A while back I wrote a lengthy treatise on multiplication algorithms, covering the whole arc from schoolbook to Karatsuba to Schönhage-Strassen to the galactic Harvey-Hoeven result. Theory is gorgeous. Theory is also cheap. I wanted to see the $O(N^{1.58})$ divergence with my own eyes, in a browser, in WebAssembly, beating on numbers until the asymptotic crossover revealed itself empirically.
So I sat down and wrote Karatsuba multiplication in WAT by hand. Yes, the WebAssembly Text Format. By hand. I do not recommend this. I do recommend the results.

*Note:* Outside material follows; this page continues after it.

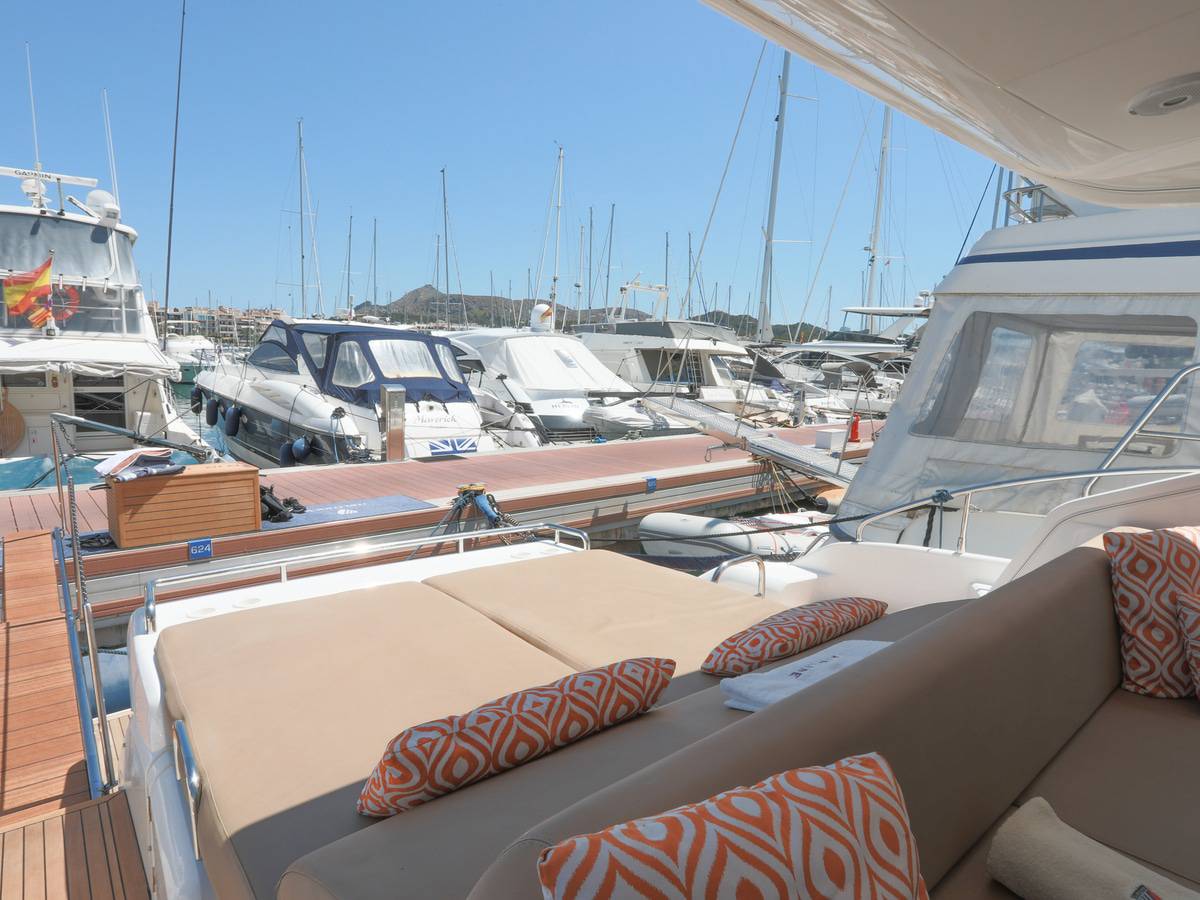 Fairline 48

The experiment was simple in conception:
- Implement schoolbook $O(N^2)$ multiplication in WASM
- Implement Karatsuba $O(N^{1.58})$ multiplication in WASM
- Race both against native JavaScript BigInt
- Sweep across power-of-two sizes and plot the log-log graph
- Watch the curves diverge and feel something
I will tell you right now: JavaScript BigInt annihilates both WASM implementations. Absolutely destroys them. This is not a story of WASM supremacy. This is a story about proving a mathematical fact empirically, inside a sandbox, while the JIT-compiled C++ engine of V8 laps you like you are standing still. But the divergence between $O(N^2)$ and $O(N^{1.58})$? That is real, that is visible, and that is the point.
The Repo
karatsuba/— All WASM sources, binaries, and test harnesses.karatsuba/test-bigint.js— Node benchmark: JS BigInt vs WASM.karatsuba/test-bigint.html— Browser benchmark with parameter controls.karatsuba/graph.html+karatsuba/graph.js— Power-of-two size sweep and graph output (up to 1024 limbs).karatsuba/karatsuba.wat— The final consolidated Karatsuba implementation (WAT).karatsuba/schoolbook.wat— Baseline $O(N^2)$ schoolbook implementation (WAT).
Design Choices, or, How to Lose Gracefully
1) Representation
Base: $2^{32}$ limbs (i32 words), little-endian. Layout in linear memory:
[len: i32, limb0: i32, limb1: i32, ...]
Why $2^{32}$? Because it matches native i32 ops and minimizes limb count versus base-10 splits. I briefly considered base-10 for “human readability” and then remembered nobody is reading raw WASM linear memory for fun. Well, almost nobody.
2) Memory Management
Here is where things get philosophical. WASM gives you linear memory. No GC. No malloc. No free. You are on your own, partner.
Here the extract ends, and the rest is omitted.